Hükümet en başından makam, mevki kavgasına düştü. Bakanlıklar arasında an veremediğimiz değişimleri mi hatırlatayım. Meclis Başkanlığı için yapılan kavgayı mı hatırlatayım. Partilerin kendi içindeki kurultay kavgalarını mı hatırlatayım. Şimdi ondan sonra milletvekillerinin ya ben bakan olurum ya da ben bakan olmayacaksam benim filan filan yakınım müdür olacak müsteşar olacak diye pazarlık yaptıklarını mı hatırlatayım.

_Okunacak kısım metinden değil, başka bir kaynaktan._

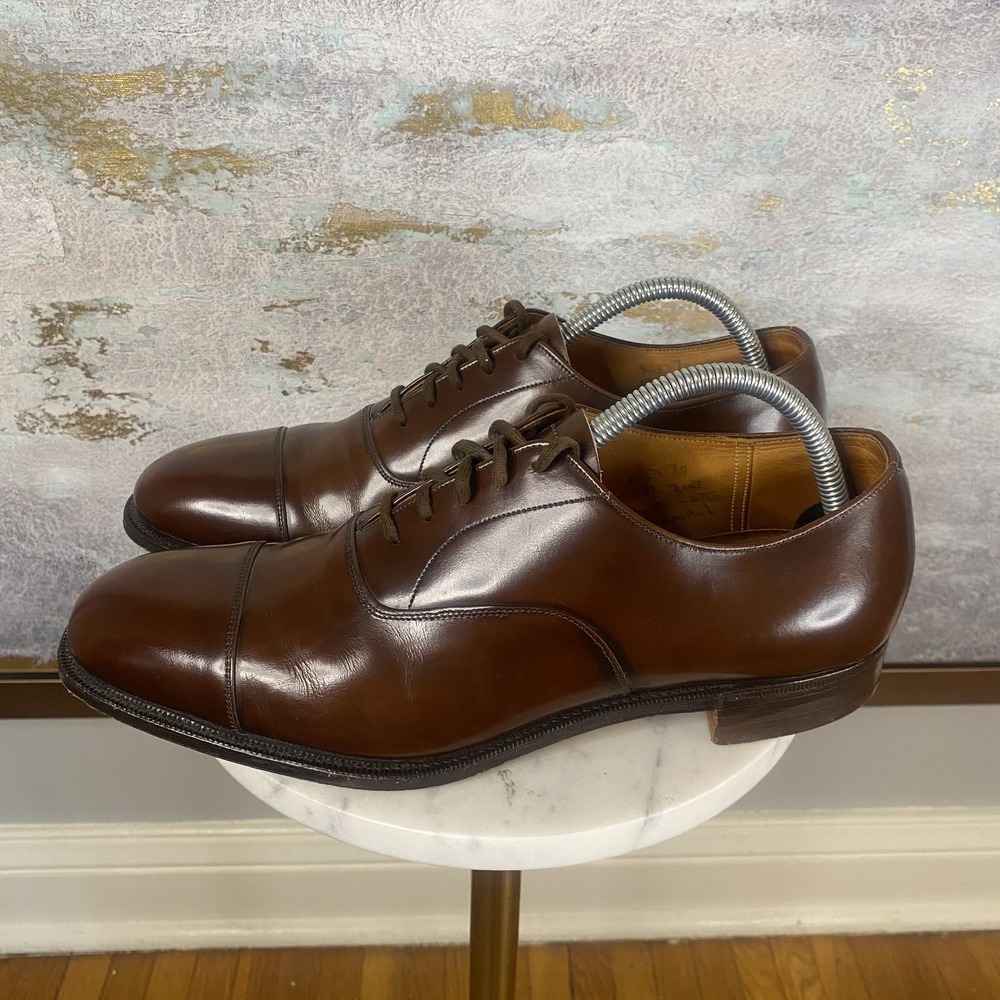 Church's Custom Grade Shoes Mens Size 8.5 D Brown Leather Cap Toe Dress Oxford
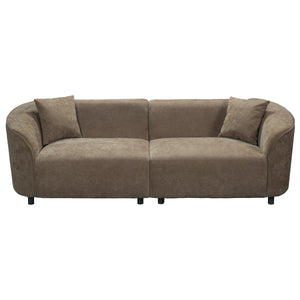 87" Curved Contemporary Sofa in Brown
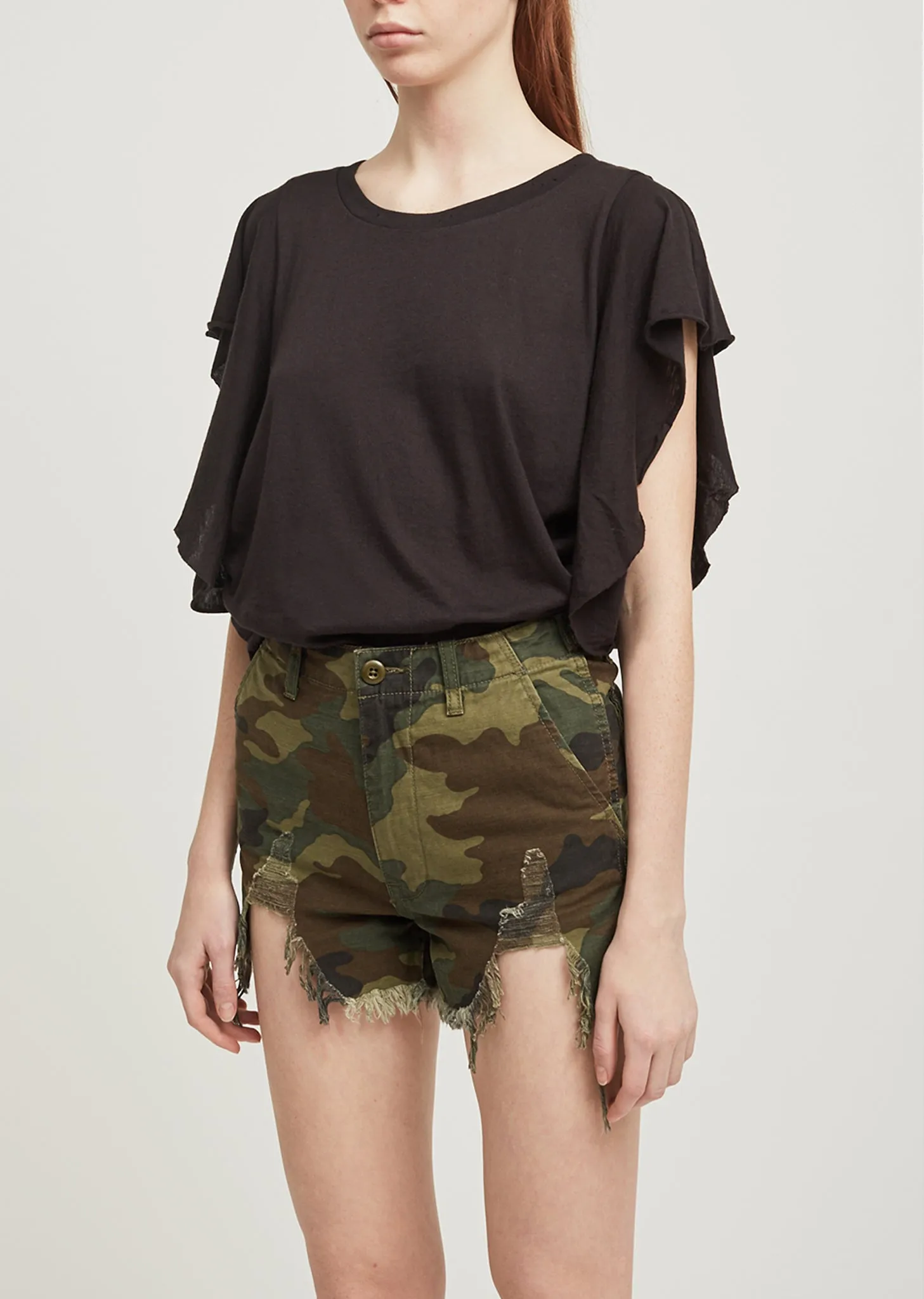 Camo Distressed Camp Shorts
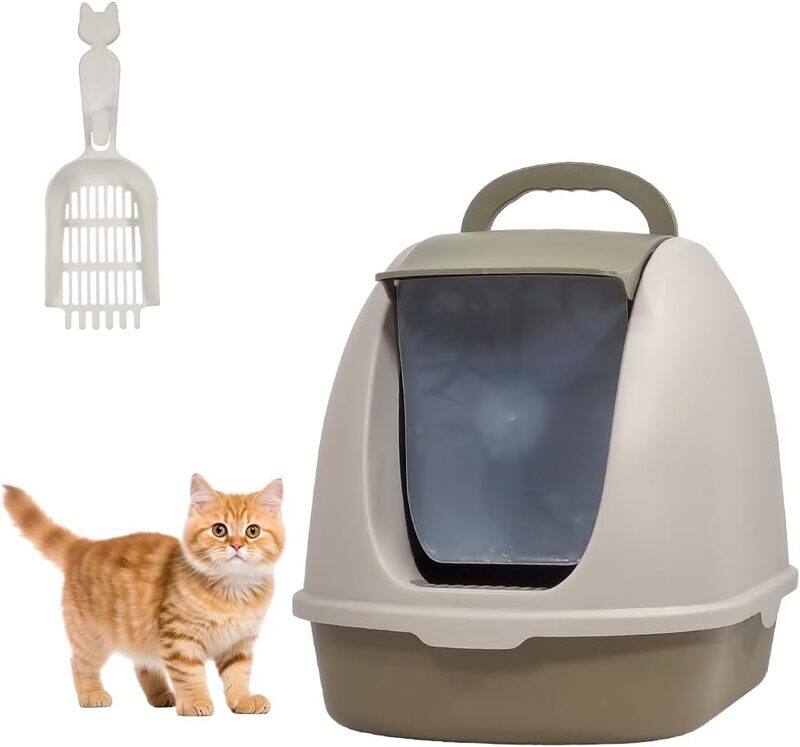 

MAJIBAO Cat toilet, Portable cat litter box with plastic scoop, Fully enclosed, Easy clean, Suitable for indoor & outdoor, odor control, Front flip cover entr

Aynı zamanda Çalışma Bakanlığında, şuanda Ekonomi Bakanlığında, Sağlık alanında istihdamlara da devam etme yaklaşımı var. Buna baktığı zaman kamu çalışanları neden fedekarlığı ben yapıyorum diye soruyor. Biz geçen daha kendi maaşımızdan yüzde 50 kesinbti yaptık.Bu defa sadece hayat pahalılığının dondurulması yaklaşımı var. Maliye Bakanlığına soruyoruz nerede kullanacaksınız bu paranın dondurulması durumunda.  İşte ihtiyaç olan neresi ise orada kullanacağız bu o kadar soyut bir şeydir ki belki başka memleketlerde kabul görebilir. Ama o güveni vermediniz ki bu çalışanlara. O güveni veremediğiniz için insanlar buna sıcak yaklaşmıyor.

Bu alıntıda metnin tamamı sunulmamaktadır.